[[ AVAILABLE RECORDS, beginning ]]

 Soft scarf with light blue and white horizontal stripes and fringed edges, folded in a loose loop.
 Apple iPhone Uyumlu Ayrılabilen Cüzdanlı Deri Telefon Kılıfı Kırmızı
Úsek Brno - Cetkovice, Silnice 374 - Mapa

[[ AVAILABLE RECORDS, end ]]
[[ AVAILABLE RECORDS, beginning ]]

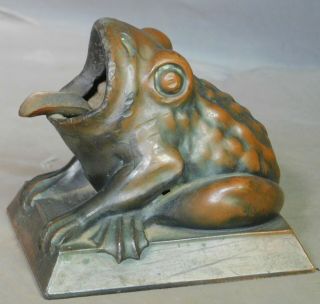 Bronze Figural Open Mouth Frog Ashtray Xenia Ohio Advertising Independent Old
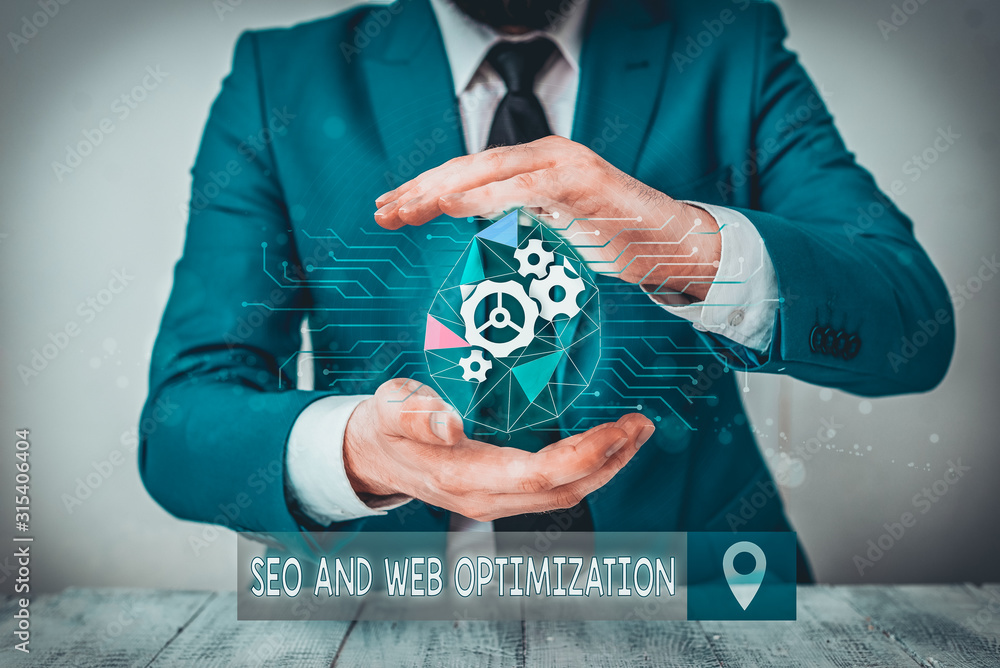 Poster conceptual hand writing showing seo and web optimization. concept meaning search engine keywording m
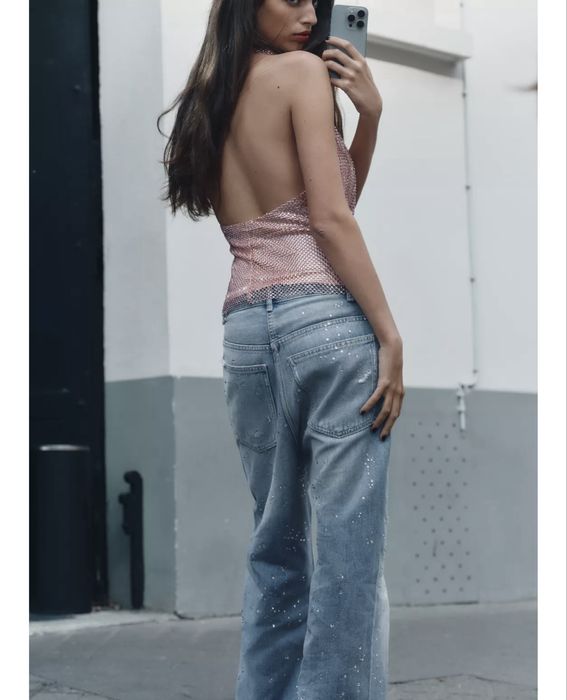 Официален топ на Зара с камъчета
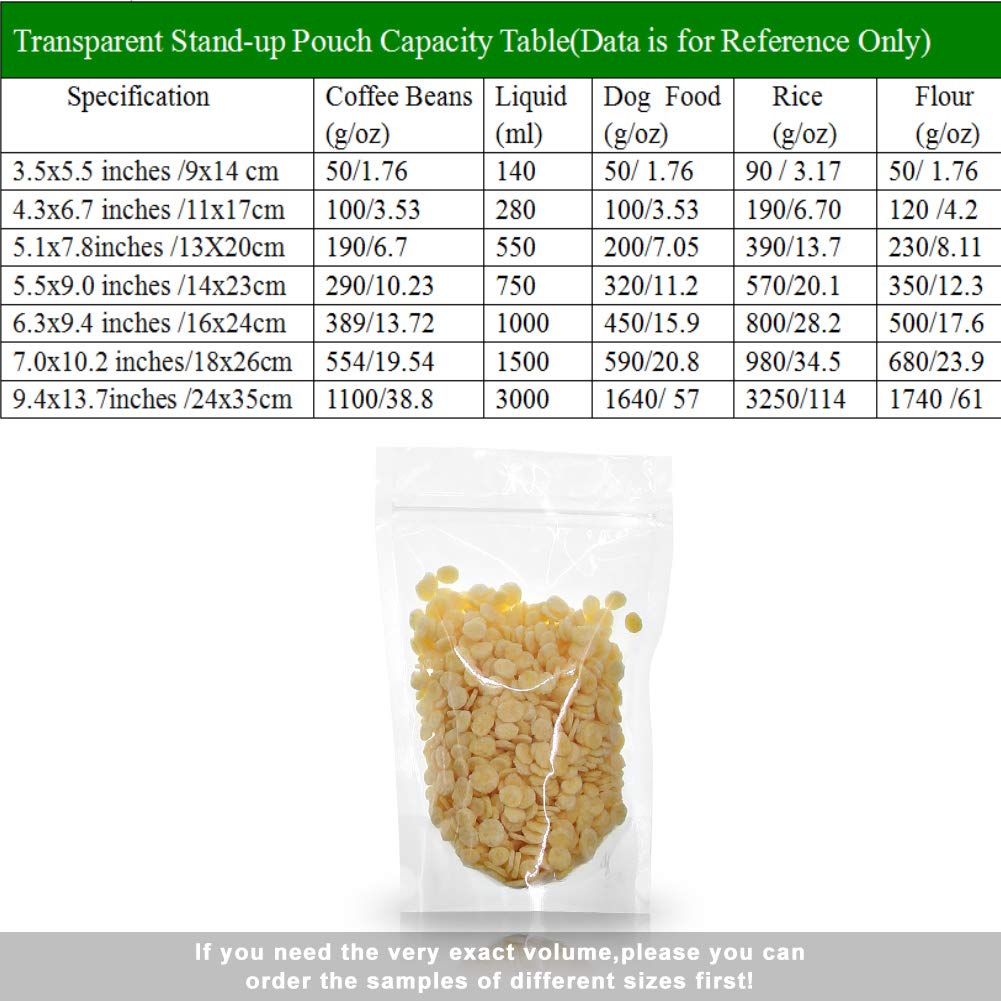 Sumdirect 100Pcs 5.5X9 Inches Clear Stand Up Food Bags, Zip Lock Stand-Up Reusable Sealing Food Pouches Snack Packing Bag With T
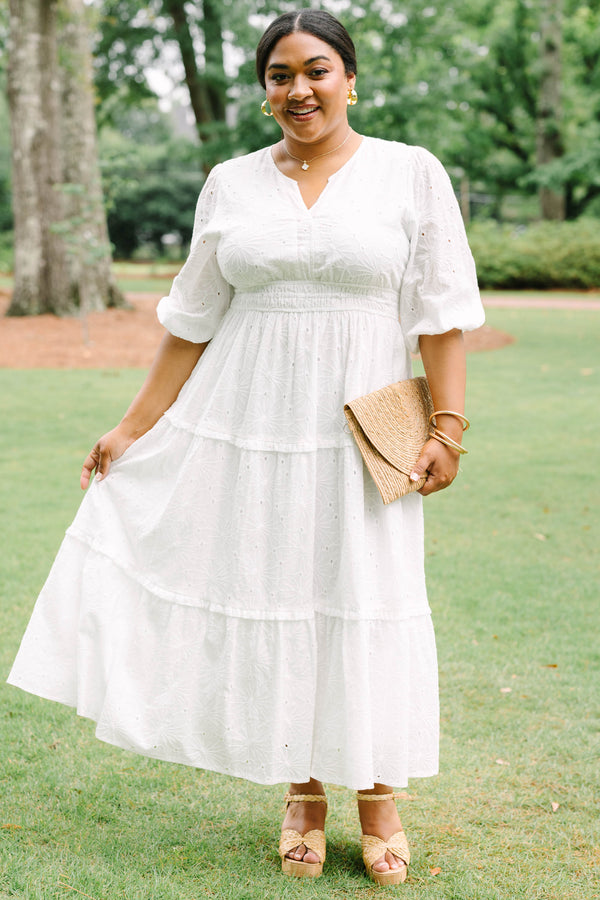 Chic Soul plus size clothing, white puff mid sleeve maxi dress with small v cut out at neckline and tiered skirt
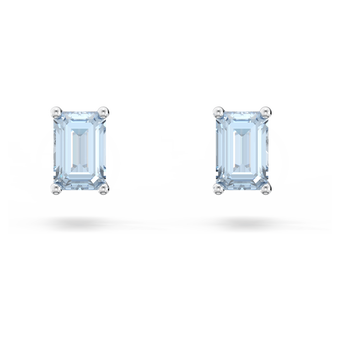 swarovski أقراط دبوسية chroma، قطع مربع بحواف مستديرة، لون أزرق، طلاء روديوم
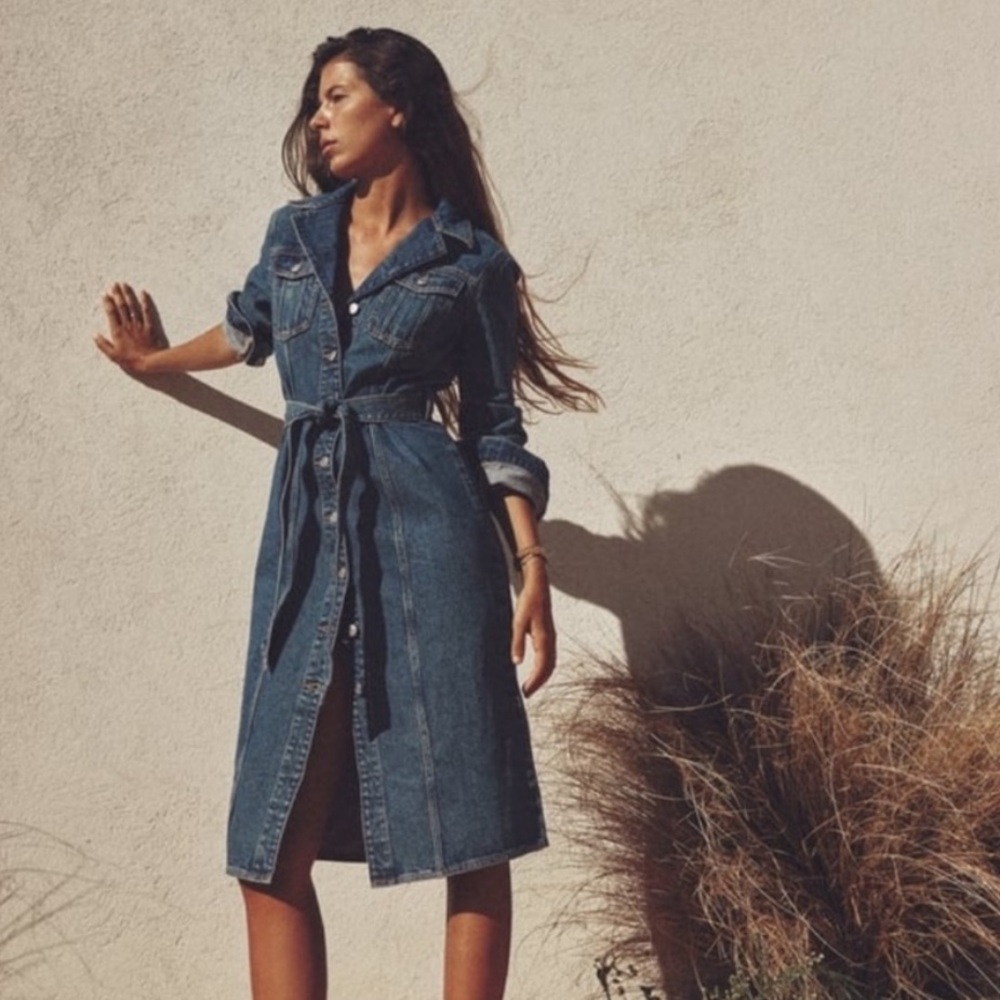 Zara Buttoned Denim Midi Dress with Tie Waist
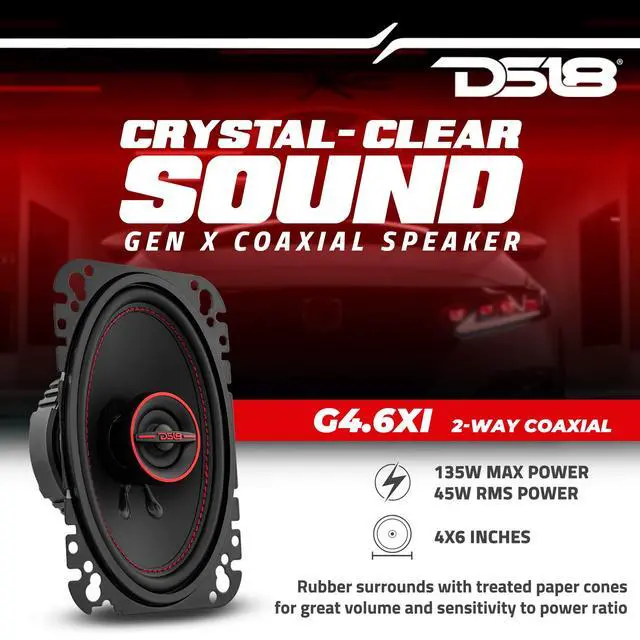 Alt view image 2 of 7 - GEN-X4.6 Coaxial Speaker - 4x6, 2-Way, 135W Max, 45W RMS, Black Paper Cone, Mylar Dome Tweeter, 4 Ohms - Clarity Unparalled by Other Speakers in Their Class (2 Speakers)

[[ AVAILABLE RECORDS, end ]]

EXERCISE DETAILS
Give back, exactly as written, the stretch from the line with "Soft scarf with" through the line with "Úsek Brno - Cetkovice, Silnice 374 - Mapa", and no other lines from the records above.

FINAL ANSWER
 Soft scarf with light blue and white horizontal stripes and fringed edges, folded in a loose loop.
 Apple iPhone Uyumlu Ayrılabilen Cüzdanlı Deri Telefon Kılıfı Kırmızı
Úsek Brno - Cetkovice, Silnice 374 - Mapa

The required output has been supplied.